Last week, my wife and son conspired to surprise me, flying him home for the week. He’s been gone all summer, counseling at a camp in Virginia, and so, it was fantastic to have him home all week. As we talked about his experience trying to maintain order as a counselor to eight to twelve-year-old boys, I had to smile, remembering my own counseling experience 30 plus years ago. It’s not easy being parent-for-a-week to ten boisterous little boys. The phrase “herding cats” comes to mind.

A counselor must impose some form of order and discipline, but young boys are not easily corralled. They’re like ping pong balls in a tornado – unpredictable, erratic, and perpetually moving – while talking non-stop. In this chaos, it’s sometimes difficult not to get angry. I remember once yelling at a couple of my young campers until they cried. They’d refused to listen to me all week and finally, on the last day, I lost it, allowing their bad behavior to cause me to behave badly. Discipline with love is hard to get right. Frankly, it’s far easier to discipline from a place of anger. The problem of course, is that our anger hurts us, injures others, and damages our relationships with them. Those crying campers of mine did not go home with a good memory of their Christian camp counselor.

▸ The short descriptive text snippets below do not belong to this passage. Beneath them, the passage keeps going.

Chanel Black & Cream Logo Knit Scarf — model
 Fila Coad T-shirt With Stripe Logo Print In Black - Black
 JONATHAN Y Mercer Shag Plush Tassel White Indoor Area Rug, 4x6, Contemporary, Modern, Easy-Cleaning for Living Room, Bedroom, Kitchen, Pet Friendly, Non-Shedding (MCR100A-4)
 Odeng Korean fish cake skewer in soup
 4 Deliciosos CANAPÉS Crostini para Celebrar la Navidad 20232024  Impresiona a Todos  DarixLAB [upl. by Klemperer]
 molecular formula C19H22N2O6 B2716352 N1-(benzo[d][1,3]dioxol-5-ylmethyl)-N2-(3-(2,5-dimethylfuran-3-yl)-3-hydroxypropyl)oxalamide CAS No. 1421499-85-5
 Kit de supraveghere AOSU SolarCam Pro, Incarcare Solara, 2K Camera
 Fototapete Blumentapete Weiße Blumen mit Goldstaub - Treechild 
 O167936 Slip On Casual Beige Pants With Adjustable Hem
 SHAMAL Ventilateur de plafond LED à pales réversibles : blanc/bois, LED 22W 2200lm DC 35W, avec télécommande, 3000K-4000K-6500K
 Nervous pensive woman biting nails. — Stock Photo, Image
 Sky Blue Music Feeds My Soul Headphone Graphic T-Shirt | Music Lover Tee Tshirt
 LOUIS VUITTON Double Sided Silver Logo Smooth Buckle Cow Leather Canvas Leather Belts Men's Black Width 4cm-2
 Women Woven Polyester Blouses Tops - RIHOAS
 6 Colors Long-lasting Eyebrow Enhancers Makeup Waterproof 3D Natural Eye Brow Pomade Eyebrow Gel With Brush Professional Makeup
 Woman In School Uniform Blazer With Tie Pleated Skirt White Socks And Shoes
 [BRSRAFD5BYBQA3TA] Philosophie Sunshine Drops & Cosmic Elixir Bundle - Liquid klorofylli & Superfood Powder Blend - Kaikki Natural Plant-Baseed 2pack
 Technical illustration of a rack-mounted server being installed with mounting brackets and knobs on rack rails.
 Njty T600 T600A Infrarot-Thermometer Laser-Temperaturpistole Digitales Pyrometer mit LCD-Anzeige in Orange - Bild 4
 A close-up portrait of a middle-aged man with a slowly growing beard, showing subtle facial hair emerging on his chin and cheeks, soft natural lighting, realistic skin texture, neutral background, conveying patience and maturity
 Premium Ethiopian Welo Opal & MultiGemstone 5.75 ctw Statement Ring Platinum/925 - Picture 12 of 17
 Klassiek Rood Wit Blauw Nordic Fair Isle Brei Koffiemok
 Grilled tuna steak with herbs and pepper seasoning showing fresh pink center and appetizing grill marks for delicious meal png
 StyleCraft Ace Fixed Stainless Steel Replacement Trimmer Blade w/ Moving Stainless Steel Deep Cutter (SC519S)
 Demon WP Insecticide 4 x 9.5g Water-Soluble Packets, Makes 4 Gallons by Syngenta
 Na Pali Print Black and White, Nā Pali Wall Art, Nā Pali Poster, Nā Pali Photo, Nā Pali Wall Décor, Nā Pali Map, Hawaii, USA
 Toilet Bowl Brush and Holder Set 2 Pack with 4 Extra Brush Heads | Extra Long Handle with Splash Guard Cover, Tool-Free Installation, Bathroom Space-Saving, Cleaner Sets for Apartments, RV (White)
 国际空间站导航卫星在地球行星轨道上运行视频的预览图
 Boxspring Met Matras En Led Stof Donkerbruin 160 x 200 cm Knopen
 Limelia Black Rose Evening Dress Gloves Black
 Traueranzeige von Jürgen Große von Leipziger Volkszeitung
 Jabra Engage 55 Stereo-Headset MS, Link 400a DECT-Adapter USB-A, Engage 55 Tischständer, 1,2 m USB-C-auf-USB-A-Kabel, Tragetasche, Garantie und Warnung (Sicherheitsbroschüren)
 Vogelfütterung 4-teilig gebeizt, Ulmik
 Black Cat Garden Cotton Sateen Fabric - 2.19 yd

In today’s passage, we see the first example in the Bible of a loving father, perfectly balancing love and discipline. In the story, Adam and Eve had just been exiled from the Garden of Eden. They’d deliberately disobeyed a direct command from God and the sentence was harsh. God, according to his justice, didn’t simply let them off the hook. They had to face the consequences of their actions. But then, in his love, he clothed them, providing protection from the harsh world into which he sent them. Previously, when they realized they were naked, Adam and Eve attempted to cover themselves with fragile fig leaves. Now though, in the first sacrifice for sins, God took the lives of animals, using those hides to cover Adam and Eve. This was the first foreshadowing of Christ, who would one day die to cover our sins.

Discipline with love is hard to get right. God though, repeatedly provides examples of this balance. In his justice, he allows us to suffer the consequences of our sin. In his love though, he sent Christ to save us from ourselves. God doesn’t dismiss consequences, but neither does he abandon us in his wrath. As a perfect father, he perfectly balances discipline with love.